SAFTA: Walk the talk

Thursday, 7 July 2011 00:00 -     - {{hitsCtrl.values.hits}}

The fifth Ministerial Council meeting on SAFTA took place recently in the Maldives. As at previous meetings, speeches referred to the need to improve intra regional trade. While most decisions at the meeting centred round further pruning of the sensitive lists, concrete steps as to how to develop trade have not been spelt out, except for Bangladesh agreeing to take steps to prepare a paper on how to increase LDC exports to non LDC members.

It was noted that Sri Lanka’s trade under SAFTA still remained very modest. Sri Lanka’s trade with its two largest partners in the agreement continued to improve under separate bilateral agreements while trade with the other SAFTA partners remained negligible.

The SAFTA agreement was concluded in 2004, whereby the signatories agreed to reduce customs duties of all traded goods by 2015. Towards this end, progressive reduction of customs duties was envisaged. In addition to reducing the tariffs, all partners agreed to reduce their sensitive lists, meaning the items which are considered to be too sensitive to warrant tariff reductions. As of now, most of the items which could be traded are on the sensitive lists of the members.

SAARC countries together offer a huge market of over a billion people. At a time when the importance of the Western markets is dwindling, the South Asian region with immense natural resources and a growing middle class consumer population, even in the Least Developed Countries, offers its members huge prospects for intra regional trading.

However, for reasons more than one, intra regional trade remains disappointingly low. If a similar basket of exports is the reason, how does one account for intra regional trade increases in other regional agreements?

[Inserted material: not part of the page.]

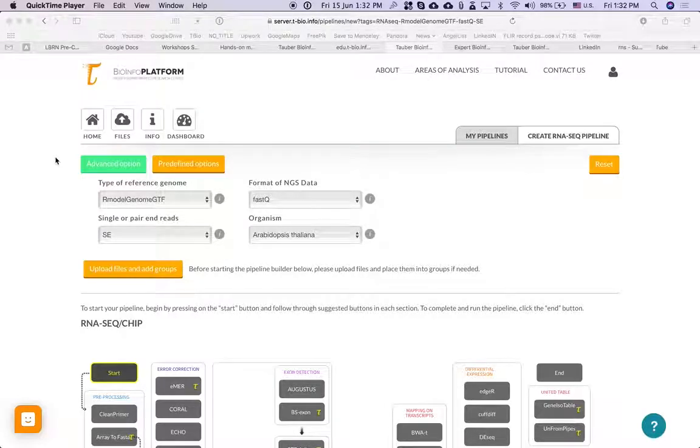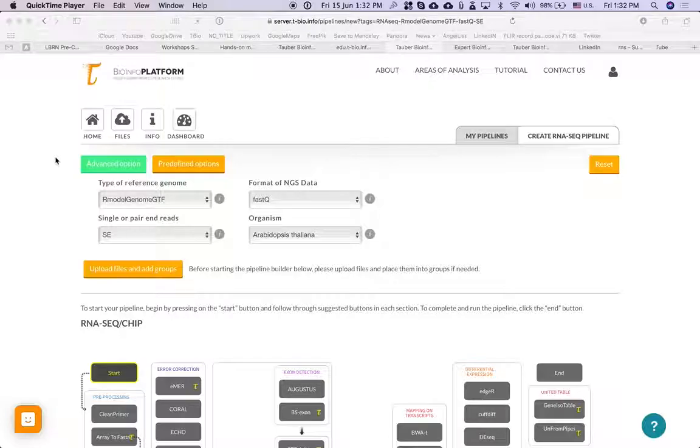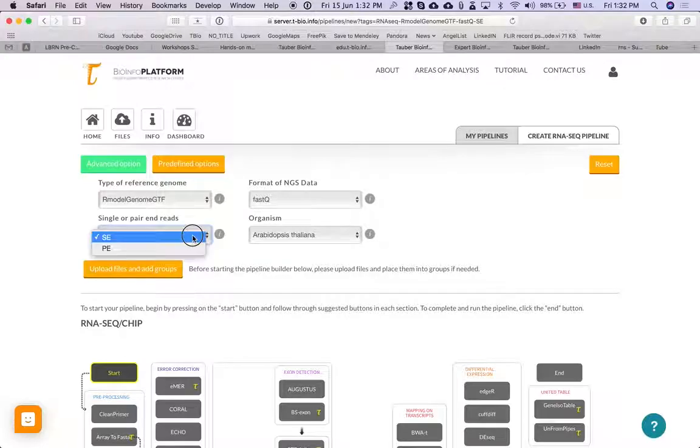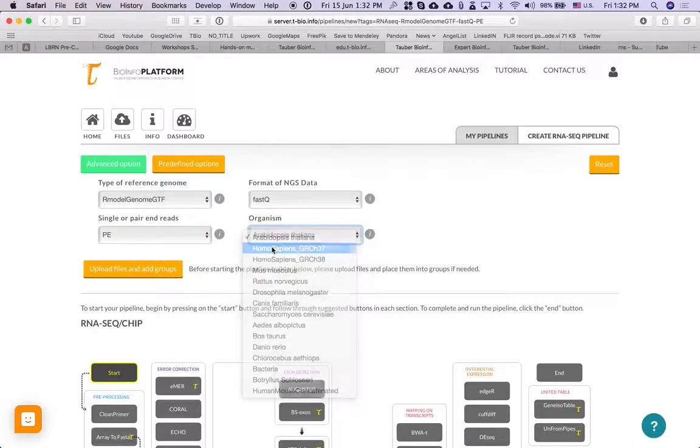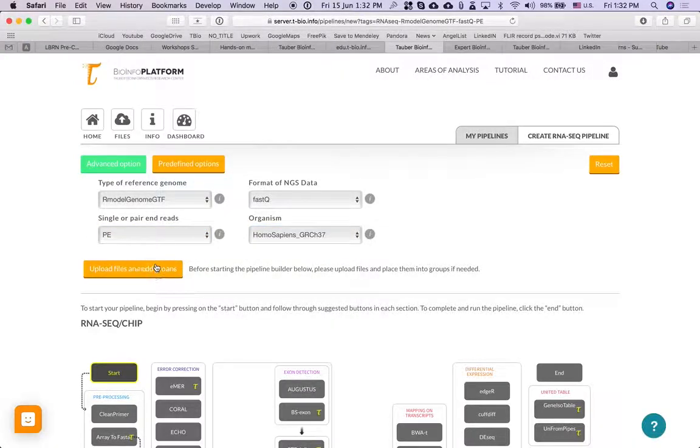How to create the simplest mapping pipeline so that you get an expression table at the end. Here I am in Create RNA-seq Pipeline. I'm going to select PE, FastQ files, and change it to human.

SAARC has a lot to learn from other such regional groupings. They have managed to utilise their similarities to complement each other effectively by moving production bases to where it’s most cost effective, established regional value chains so that production bases are spread throughout. Gone are the days when inefficient productions are sustained at high costs. The advantage of regional groupings allows such productions to be relocated to cost efficient locations within the region. This is the road that SAARC countries should also take if they want to benefit from the intra regional agreement.

Political differences between the two largest partners have been one of the main deterrents to the expansion of intra SAARC trade. Lack of sufficient direct transport links among the eight countries leading not only to high transportation costs that are uncompetitive, but limiting people to people contact which are essential for business people to get to know each other have also been causes for the insufficient growth.

However, merely mentioning the constraints and not taking sufficient steps to overcome at least some of the problems is also a constraint to development of intra SAARC trade. The first trade focused strategy report released by the World Bank in mid June has specific programmes to improve intra SAARC trade.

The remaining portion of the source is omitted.